══ Data provided

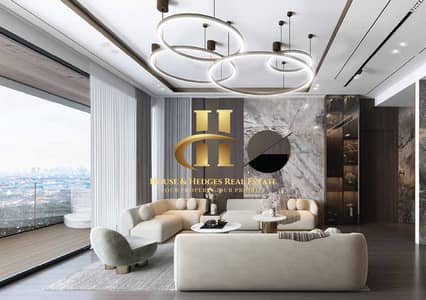 1 Bedroom Apartment for Sale in Jumeirah Village Circle (JVC), Dubai - Screenshot 2025-05-12 153155. png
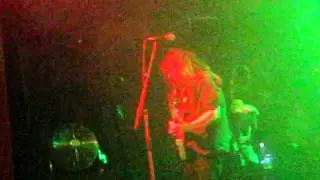 Symphony X - When All is Lost (Live in Barcelona 2011 Sala Salamandra Iconoclast tour)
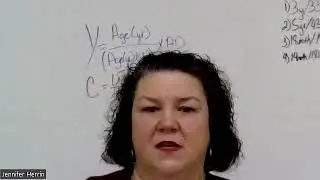 Ch 37 Young's Rule & Clark's Rule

════

* _What the exercise asks_
Every line in the data above needs to be given again exactly, pictures aside.

* _Solution_
 1 Bedroom Apartment for Sale in Jumeirah Village Circle (JVC), Dubai - Screenshot 2025-05-12 153155. png
 Symphony X - When All is Lost (Live in Barcelona 2011 Sala Salamandra Iconoclast tour)
 Ch 37 Young's Rule & Clark's Rule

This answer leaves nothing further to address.